Sand is very heavy. Play sand is ~120 lbs./cubic ft. Depending on your stage height, one could imagine you'd be at around 60 psf + other construction materials. That MIGHT be OK if you have very beefy floor joists. I would strongly discourage anyone from doing that though unless they've first verified their home's floor joist weight load recommendations in the given area.

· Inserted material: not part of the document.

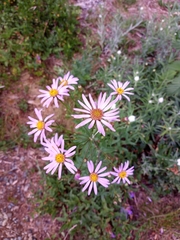 Eucephalus ledophyllus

If your home was built in the last 10 years or so, there's a very good chance it uses manufactured floor trusses. It's impossible to know their capability without research, as floor trusses are custom made for every home (even spec built homes). The research process requires tracking down the truss manufacturer, job reference number, etc., and convincing the truss manufacturer to provide you with the info you need. That is the ideal method. An alternative is to look the few truss manufacturers that publish span load tables for their trusses. I figure if they are publishing those tables, their trusses support the advertised loads at a minimum. But as I said, it's not an ideal method. What it will do is give you a ballpark idea. Even that approach still requires you to gather some basic info on your floor trusses in the given room, such as their height, O.C. spacing, lumber type, and lumber width.



Bottom line is there's no simple answer (other than don't do it).


Got it. I don't really want to build a stage. I guess I am too lazy for that. But I am contemplating building a simple false wall for an AT screen. Should I just leave my towers and subs on the floor or should I raise them with small isolated structures. Meaning, should I build some little mini stages to place these speakers on?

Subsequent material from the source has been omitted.